Georgia Tech coach Josh Pastner has long prided himself on NCAA rules compliance. He said as much in a statement after the school announced it was withholding team members Josh Okogie and Tadric Jackson after having found both had broken NCAA rules in receiving plane tickets, meals and apparel from a friend of Pastner with ties to the team.
“Nothing is more important to me than having an atmosphere of compliance,” Pastner said in the statement.
To that end, it has been a rough few weeks for Pastner and his team, and the latest hits came Wednesday. The school announced that it had placed assistant coach Darryl LaBarrie on paid administrative leave as it investigated a recent allegation of an NCAA rules violation. According to an ESPN report, the alleged violation occurred during an official visit by a prospect who ultimately did not sign with Tech.
Tech also announced that guard Justin Moore was to be suspended two games by the NCAA for violating an NCAA rule.
He was to sit out Wednesday’s game vs. Texas-Rio Grande Valley and Friday’s against North Texas.
For the game Wednesday, one-fourth of the scholarship players available to Pastner – Okogie, Jackson and Moore – were sat down by the NCAA.

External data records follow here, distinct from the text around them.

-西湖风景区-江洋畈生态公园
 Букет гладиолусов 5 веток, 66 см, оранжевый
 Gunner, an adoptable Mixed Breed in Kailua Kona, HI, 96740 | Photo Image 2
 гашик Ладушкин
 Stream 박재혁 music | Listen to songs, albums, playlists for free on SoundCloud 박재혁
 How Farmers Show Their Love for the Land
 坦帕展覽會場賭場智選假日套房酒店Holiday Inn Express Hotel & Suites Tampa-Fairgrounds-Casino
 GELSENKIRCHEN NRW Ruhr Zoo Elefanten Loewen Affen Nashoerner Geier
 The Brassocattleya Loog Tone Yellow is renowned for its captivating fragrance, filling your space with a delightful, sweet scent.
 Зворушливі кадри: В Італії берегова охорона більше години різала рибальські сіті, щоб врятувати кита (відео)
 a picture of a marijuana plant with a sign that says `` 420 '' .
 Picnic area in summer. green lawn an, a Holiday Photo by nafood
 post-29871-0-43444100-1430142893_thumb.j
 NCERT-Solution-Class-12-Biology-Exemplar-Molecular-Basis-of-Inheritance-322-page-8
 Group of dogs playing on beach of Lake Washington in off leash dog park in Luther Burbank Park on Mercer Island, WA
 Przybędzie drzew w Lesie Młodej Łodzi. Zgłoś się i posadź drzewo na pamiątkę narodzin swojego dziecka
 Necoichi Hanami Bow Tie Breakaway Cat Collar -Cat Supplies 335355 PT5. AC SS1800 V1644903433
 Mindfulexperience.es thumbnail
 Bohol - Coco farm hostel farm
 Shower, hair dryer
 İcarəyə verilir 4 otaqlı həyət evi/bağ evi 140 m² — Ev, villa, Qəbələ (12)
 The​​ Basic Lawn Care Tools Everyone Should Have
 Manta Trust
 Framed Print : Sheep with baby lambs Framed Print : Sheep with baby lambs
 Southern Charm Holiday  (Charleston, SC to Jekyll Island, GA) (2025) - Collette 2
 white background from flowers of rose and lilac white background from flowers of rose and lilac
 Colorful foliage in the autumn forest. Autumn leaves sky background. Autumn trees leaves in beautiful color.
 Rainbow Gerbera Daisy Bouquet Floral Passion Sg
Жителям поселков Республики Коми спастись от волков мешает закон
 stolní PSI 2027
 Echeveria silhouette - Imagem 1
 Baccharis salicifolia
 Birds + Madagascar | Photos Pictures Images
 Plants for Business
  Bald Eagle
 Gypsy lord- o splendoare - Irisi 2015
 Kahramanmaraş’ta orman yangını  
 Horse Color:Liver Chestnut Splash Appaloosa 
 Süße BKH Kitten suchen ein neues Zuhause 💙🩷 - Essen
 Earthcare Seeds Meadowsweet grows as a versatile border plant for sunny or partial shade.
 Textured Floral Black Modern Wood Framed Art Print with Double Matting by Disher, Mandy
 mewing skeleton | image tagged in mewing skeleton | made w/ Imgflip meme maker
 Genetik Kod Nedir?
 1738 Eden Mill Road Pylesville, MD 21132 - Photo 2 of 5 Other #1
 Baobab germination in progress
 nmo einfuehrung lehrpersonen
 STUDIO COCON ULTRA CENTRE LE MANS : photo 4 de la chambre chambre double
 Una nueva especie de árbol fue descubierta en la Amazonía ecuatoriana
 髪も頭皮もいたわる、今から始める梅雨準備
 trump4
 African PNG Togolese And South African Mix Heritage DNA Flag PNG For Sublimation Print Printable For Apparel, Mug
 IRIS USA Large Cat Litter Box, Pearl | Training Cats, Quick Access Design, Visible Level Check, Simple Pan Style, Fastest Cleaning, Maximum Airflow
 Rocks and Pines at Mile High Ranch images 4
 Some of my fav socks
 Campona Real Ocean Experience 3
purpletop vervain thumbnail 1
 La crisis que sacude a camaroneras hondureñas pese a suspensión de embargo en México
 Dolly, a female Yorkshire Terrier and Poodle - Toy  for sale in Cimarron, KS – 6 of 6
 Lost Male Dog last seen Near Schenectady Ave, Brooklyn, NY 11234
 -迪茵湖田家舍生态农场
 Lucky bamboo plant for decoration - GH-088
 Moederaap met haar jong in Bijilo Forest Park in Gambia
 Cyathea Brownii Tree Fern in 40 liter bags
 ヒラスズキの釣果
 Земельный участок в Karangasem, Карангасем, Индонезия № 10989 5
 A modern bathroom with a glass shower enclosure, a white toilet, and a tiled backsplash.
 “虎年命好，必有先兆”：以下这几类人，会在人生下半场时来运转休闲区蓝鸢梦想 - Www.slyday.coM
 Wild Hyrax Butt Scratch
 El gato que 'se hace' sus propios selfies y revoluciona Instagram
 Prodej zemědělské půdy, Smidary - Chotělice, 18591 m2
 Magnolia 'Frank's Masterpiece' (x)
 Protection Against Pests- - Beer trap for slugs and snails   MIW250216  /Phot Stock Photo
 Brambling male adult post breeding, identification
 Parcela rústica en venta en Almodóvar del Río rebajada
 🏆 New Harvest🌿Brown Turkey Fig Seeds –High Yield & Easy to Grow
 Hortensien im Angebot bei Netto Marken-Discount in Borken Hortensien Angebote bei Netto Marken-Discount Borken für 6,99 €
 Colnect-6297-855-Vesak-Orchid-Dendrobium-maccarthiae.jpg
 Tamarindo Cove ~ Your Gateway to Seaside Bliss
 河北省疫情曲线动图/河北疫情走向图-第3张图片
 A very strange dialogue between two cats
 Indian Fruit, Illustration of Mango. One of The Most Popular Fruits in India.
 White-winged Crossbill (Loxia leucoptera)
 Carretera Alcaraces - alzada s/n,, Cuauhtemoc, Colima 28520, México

It has been a tumultuous start to Pastner's second season. Okogie dislocated his finger in a scrimmage against Georgia State on Oct. 28. On Nov. 2, the day before the team was to leave for China, the decision to withhold Okogie and Jackson was released. That was followed by a CBS Sports report five days later in which the friend of Pastner's who had provided plane tickets, meals and transportation to Okogie and Pastner alleged that the coach was aware of the violations. Earlier that day, three Tech players were questioned in the UCLA shoplifting arrests in Hangzhou, China, before being cleared.
And, Wednesday, the decisions on LaBarrie and Moore became public. Unlike the Okogie/Jackson decision, the school did not identify the violation that Moore committed, but said that the matter is closed. A school spokesman would not say whether it was related to the Okogie/Jackson violations.
It would seem an embarrassing stretch for an athletic department that has endeavored to build a culture of NCAA compliance after two completely avoidable rules infractions resulted in the vacating of the 2009 ACC football championship and then the extension of probation in 2014 after Tech coaches were found to have made hundreds of impermissible calls and texts. The school's six-year NCAA probation ended in July of this year.